Kode89 : le designer de la Ferrari Enzo crée une hypercar V12 comme on n’en fait plus
À l’heure des hypercars hybrides et électrifiées, la Kode89 choisit une tout autre voie : V12 atmosphérique, boîte manuelle et production extrêmement limitée.
Une hypercar V12 avec trois pédales et une grille apparente, signée par l'homme qui a dessiné la Ferrari Enzo : on pensait ne plus jamais voir ça. Le designer japonais Ken Okuyama revient avec la Kode89, une supercar confidentielle qui remet la boîte de vitesses manuelle au centre du jeu.
Alors que les hypercars actuelles empilent batteries, turbos et boîtes à double embrayage, la Kode89 fait volontairement machine arrière : moteur V12 atmosphérique placé en position centrale, commande d’embrayage bien réelle sous le pied gauche et levier cranté qui claque dans sa grille ouverte. Huit exemplaires seulement verront le jour, avec une première mondiale annoncée au Pebble Beach Concours d'Elegance le 16 août 2026.
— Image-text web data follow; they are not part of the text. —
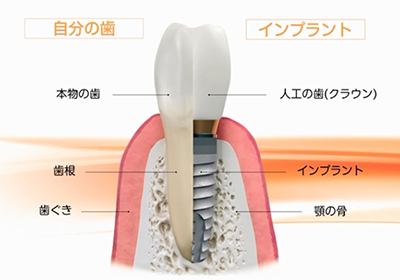 インプラント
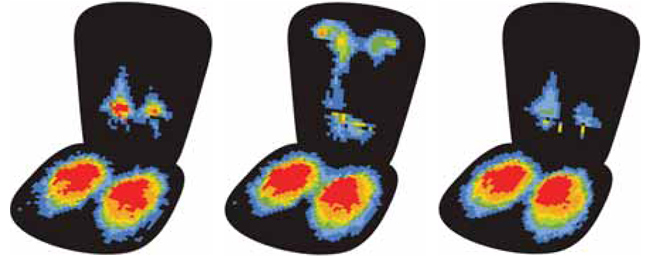 se_pressure_distribution_fig4&amp;5&amp;6.jpg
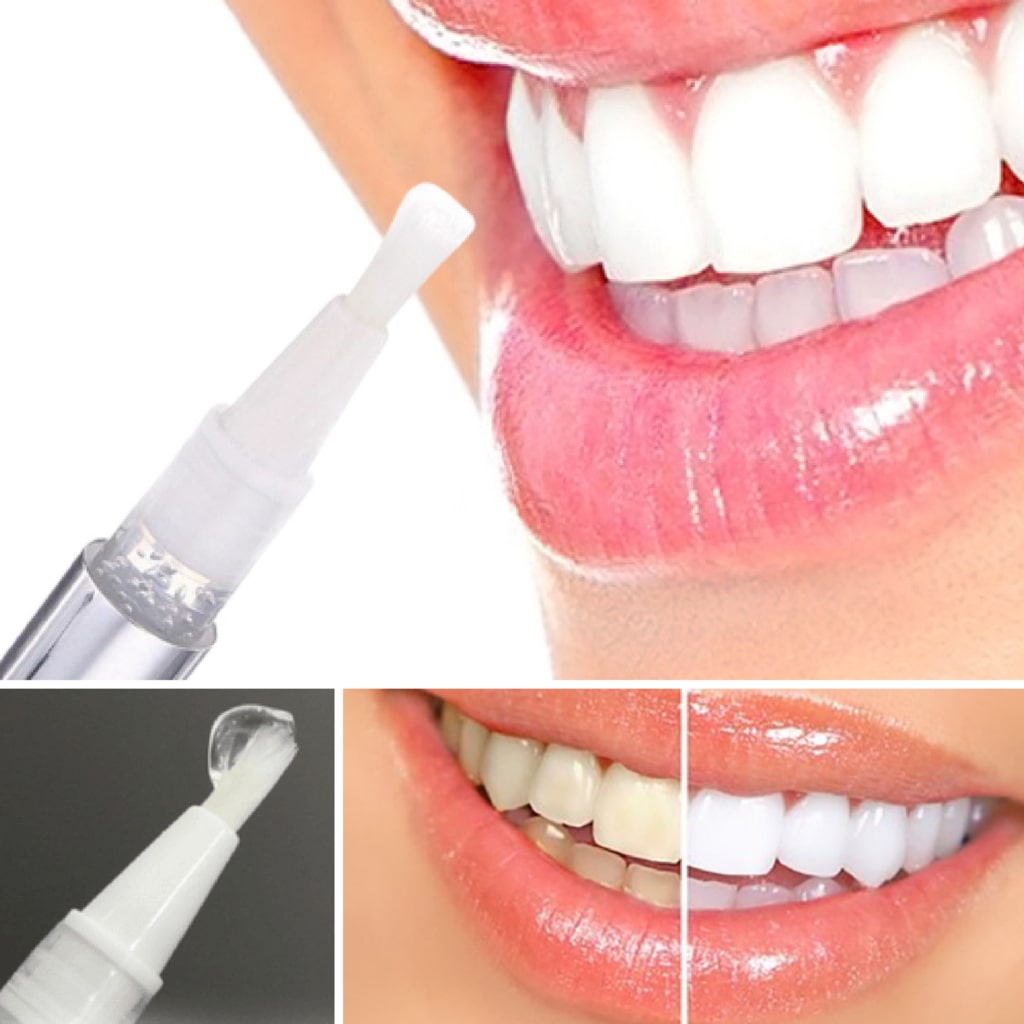 diamondsmile-zahnbleaching-stift-whitening-pen-f-r-unterwegs-mit-sofort-effekt image 5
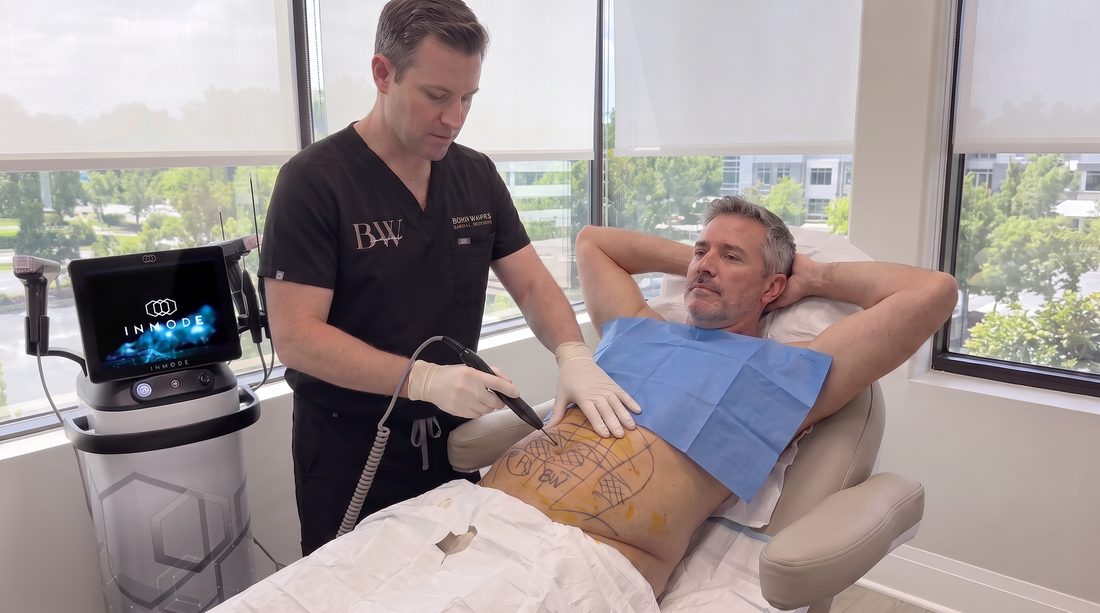 A BodyWorks practitioner performing a minimally invasive radiofrequency treatment on a marked and prepped abdomen, with the InMode console alongside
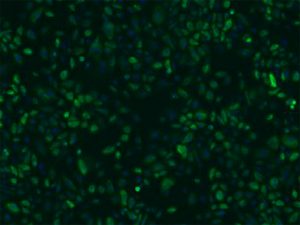 Porcine Corneal Epithelial Cells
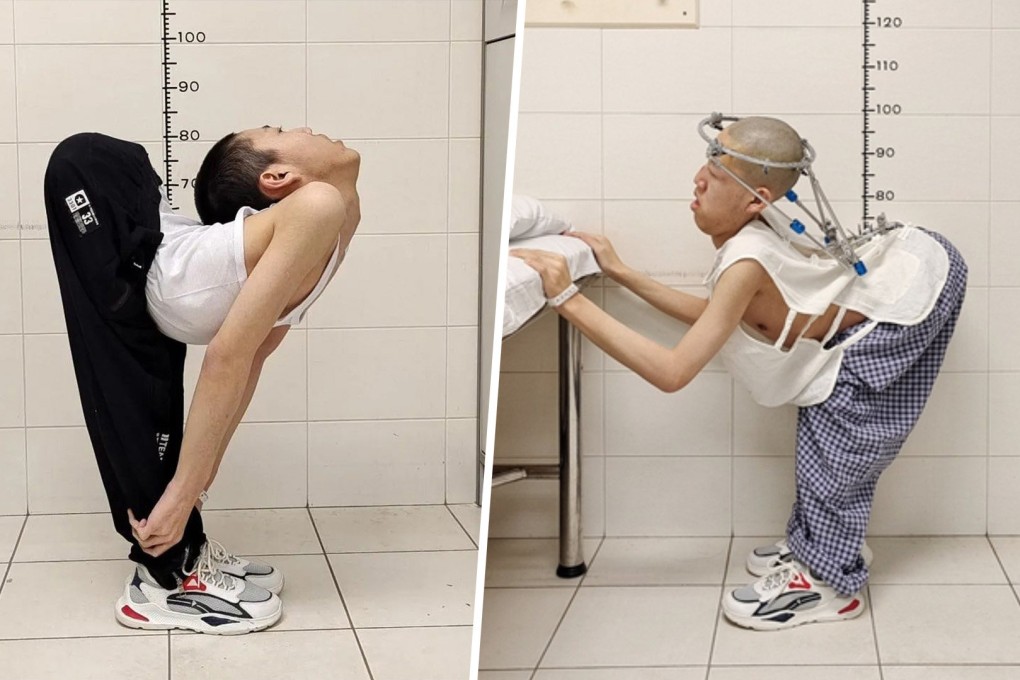 An inspirational 19-year-old student in China who is widely known as the “folded boy” has undergone successful surgery in an important new step on the long journey to being able to stand up straight. Photo: SCMP composite/Peking University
Ken Okuyama Kode89 : le V12 manuel comme manifeste
Pour situer le personnage, Ken Okuyama a signé la silhouette de la Ferrari Enzo, mais aussi celle de la Maserati Quattroporte, avant de fonder Ken Okuyama Cars. Ses précédentes créations, kode9, kode57 ou kode0, restaient des relectures ultra luxueuses de bases existantes comme la Lotus Elise, la Ferrari 599 ou la Lamborghini Aventador. Avec la Kode89, il passe à un projet de vaisseau amiral entièrement développé en interne.
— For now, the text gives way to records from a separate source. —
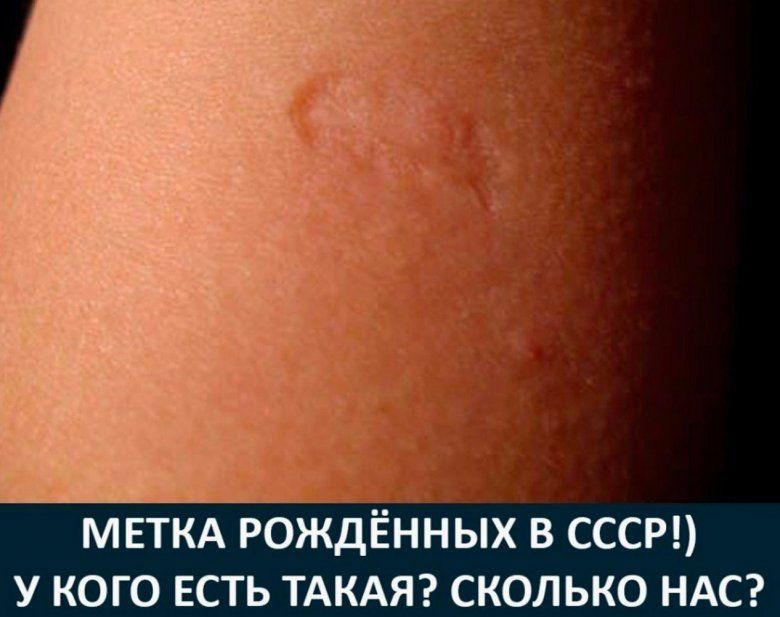 МЕТКА РОЖДЁННЫХ В СССР У КОГО ЕСТЬ ТАКАЯ СКОЛЬКО НАС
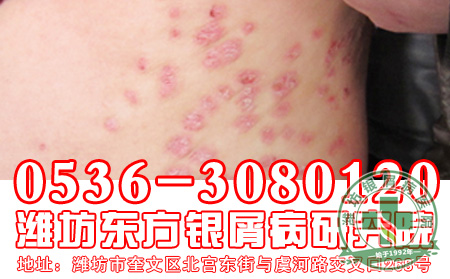 女性朋友为什么会得银屑病？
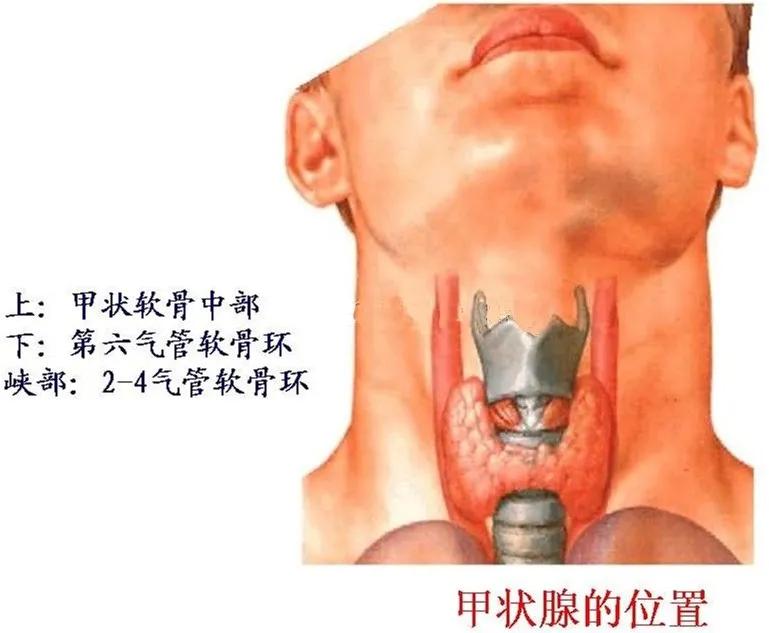可“治愈”的癌症-甲状腺乳头状癌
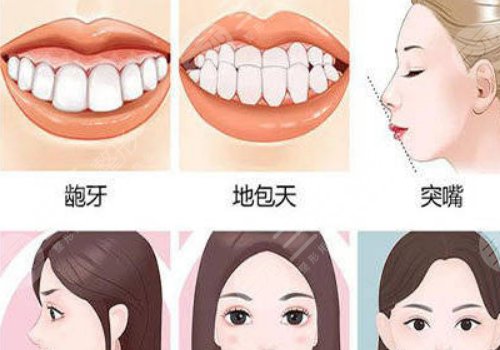 何晋龙正颌真人案例投稿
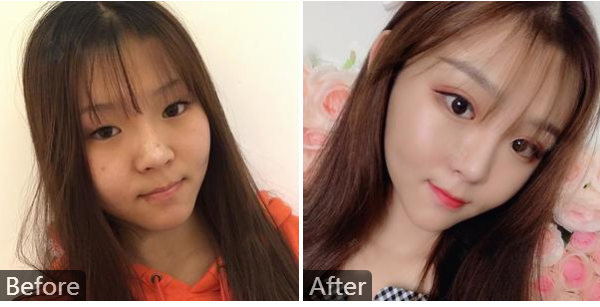 北京八大处整形最好的双眼皮双眼皮修复专家(靳小雷、祁佐良、于晓波等)价格大全 北京八大处整形最好的双眼皮双眼皮修复专家(靳小雷、祁佐良、于晓波等)价格大全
Sous le capot arrière, les clients auront le choix entre un V12 atmosphérique de 5,4 litres donné pour 540 ch ou une version 5,9 litres portée à 750 ch. Quelle que soit la configuration, le moteur reste associé à une boîte manuelle à 6 rapports, avec une grille de sélection apparente et trois pédales. Cette approche résolument analogique veut replacer le conducteur au centre, Ken Okuyama allant jusqu’à lâcher que sa Kode89 est "peut-être plus italienne que les voitures qui sortent aujourd'hui d'Italie", une pique directe aux géants de la péninsule.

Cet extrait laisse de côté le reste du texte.